I ever do this way, and it was ever the good way and sometime the just weight of powder at the first shot...

That’s the way I work out my loads.
 
yesterday i took my 50 hawken for a stroll. when i got to my shooting range i discovered i had left my measure in the garage. well weren't any way i was going to shuffle back to the garage and get it , it was 200 feet away for petes sake.
so i used the cupped hand and cover the ball trick. first shot with a .490 ball and a .010 spit patch was a bulls eye at 50 yards. i shot 10 loads that way and had a 10 shot 3" group. i was impressed. think if i can get my but out of this chair i will go measure what that load was.

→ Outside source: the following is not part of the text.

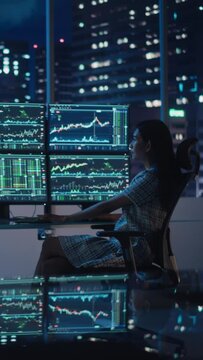 Vertical Portrait of a Financial Analyst Working on Computer with Multi-Monitor Workstation with Real-Time Stocks, Commodities and Exchange Market Charts. Businesswoman at Work in Investment Agency.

Erwan, i think personally that method is a great starting point.
yesterday i took my 50 hawken for a stroll. when i got to my shooting range i discovered i had left my measure in the garage. well weren't any way i was going to shuffle back to the garage and get it , it was 200 feet away for petes sake.
so i used the cupped hand and cover the ball trick. first shot with a .490 ball and a .010 spit patch was a bulls eye at 50 yards. i shot 10 loads that way and had a 10 shot 3" group. i was impressed. think if i can get my but out of this chair i will go measure what that load was.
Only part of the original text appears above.